Morales-Izquierdo v. Ashcroft

Decision Date18 November 2004
Docket NumberNo. 03-70674.,03-70674.
Citation388 F.3d 1299
PartiesRaul MORALES-IZQUIERDO, Petitioner, v. John ASHCROFT, Attorney General, Respondent.
CourtU.S. Court of Appeals — Ninth Circuit

Robert Pauw, Gibbs Houston Pauw, Seattle, WA, for the petitioner.

Issac R. Campbell (briefs) and Song E. Park (argued), U.S. Department of Justice, Washington, DC, for the respondent.

Trina A. Realmuto, Nadine K. Wettstein, American Immigration Law Foundation, Washington, DC, Charles Roth, Midwest Immigrant & Human Rights Center, Chicago, IL, for the amici curiae.

On Petition for Review of an Order of the Board of Immigration and Naturalization Service. Agency No. A79-166-816.

Before; D.W. NELSON, REINHARDT, and THOMAS, Circuit Judges.

THOMAS, Circuit Judge.

This case presents the question, inter alia, of whether the reinstatement procedures established by the Attorney General at 8 C.F.R. § 241.8 violate the Immigration and Nationality Act ("INA"). We conclude that the reinstatement procedures violate the INA and grant the petition for review.

I

Raul Morales-Izquierdo is a citizen and native of Mexico who illegally entered the United States in 1990. Four years later, Morales was apprehended and released given a mail-out Order to Show Cause. After failing to attend his hearing, he was ordered deported in absentia. Morales contends that he failed to attend his hearing because he received no notice of it; however, the record indicates that the hearing notice was mailed to the address where Morales was living at the time. A warrant of deportation was issued.

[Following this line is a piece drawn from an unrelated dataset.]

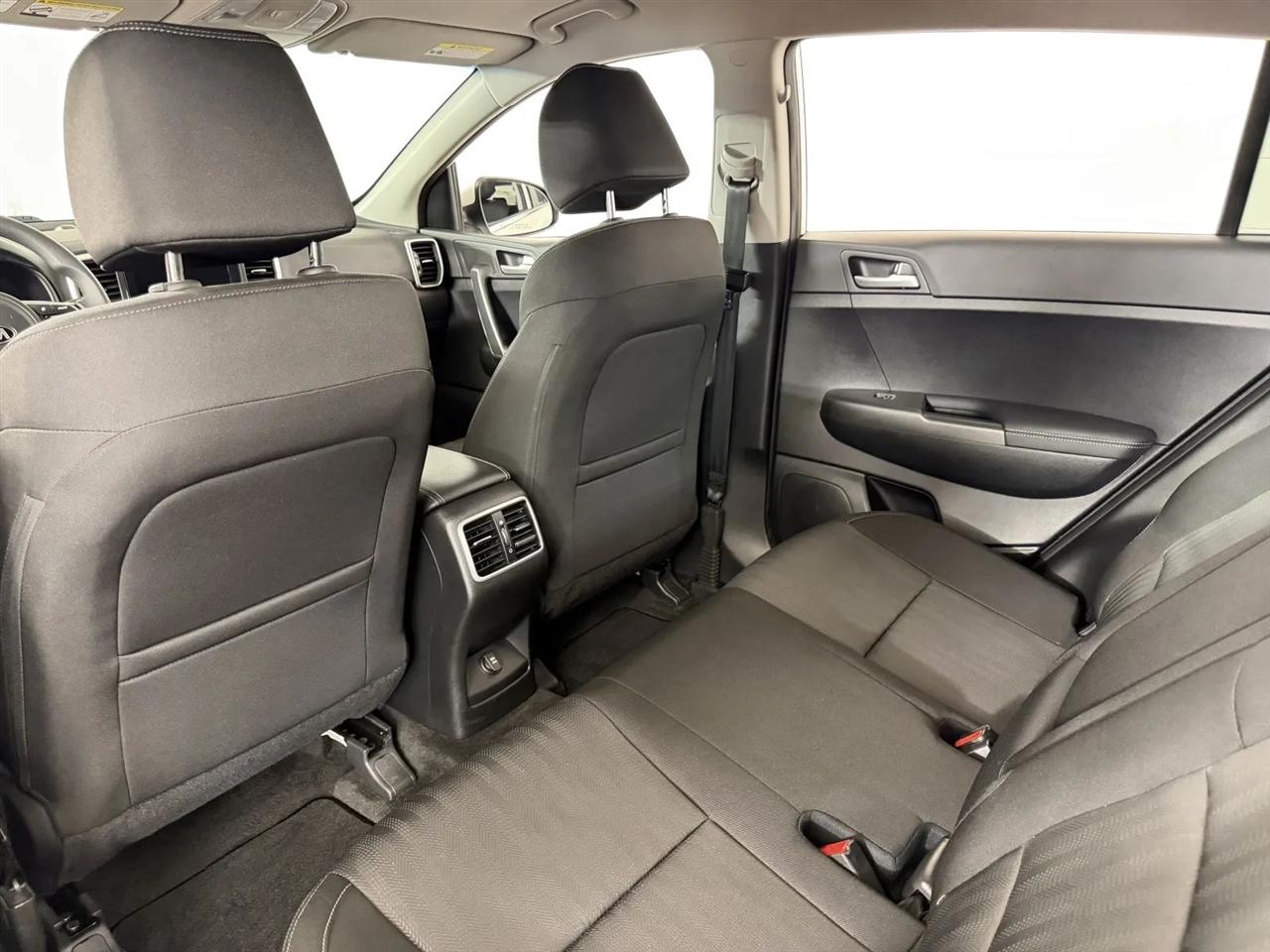 Kia Sportage LX AWD 2021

Morales was apprehended by the INS at Calexico, California and removed to Mexico in 1998. He attempted to re-enter the United States by using a false border crossing card and was once again apprehended at the port of entry at San Ysidro, California. Morales was expeditiously removed from the United States for misrepresenting a material fact, in violation of INA § 212(a)(6)(C)(i), 8 U.S.C. § 1182(a)(6)(C)(i). The next day, Morales illegally re-entered the United States.

Some years later, Morales married a United States citizen, and in 2001, his wife filed an I-130 alien relative petition to adjust his status to a lawful permanent resident based on his marriage to her. In 2003, Morales and his wife visited the Spokane, Washington INS office, where they expected to discuss Morales' adjustment of status. They were instead simultaneously served with a denial of the I-130 petition and a notice of intent to reinstate Morales' prior deportation order, in accordance with INA § 241(a)(5), 8 U.S.C. § 1231(a)(5). Morales now petitions this Court for review of the reinstatement order.

II

Section 241(a)(5) of the INA, the statutory section under which Morales' deportation order was reinstated, was enacted by Congress in the Illegal Immigration Reform and Immigrant Responsibility Act of 1996, Pub.L. 104-208, 110 Stat. 3009 ("IIRIRA"). Section 305 of IIRIRA modified and replaced the former reinstatement statute established at INA § 242(f).1 The new provision, INA § 241(a)(5), reads as follows:

If the Attorney General finds that an alien has reentered the United States illegally after having been removed or having departed voluntarily, under an order of removal, the prior order of removal is reinstated from its original date and is not subject to being reopened or reviewed, the alien is not eligible and may not apply for any relief under this chapter, and the alien shall be removed under the prior order at any time after the reentry.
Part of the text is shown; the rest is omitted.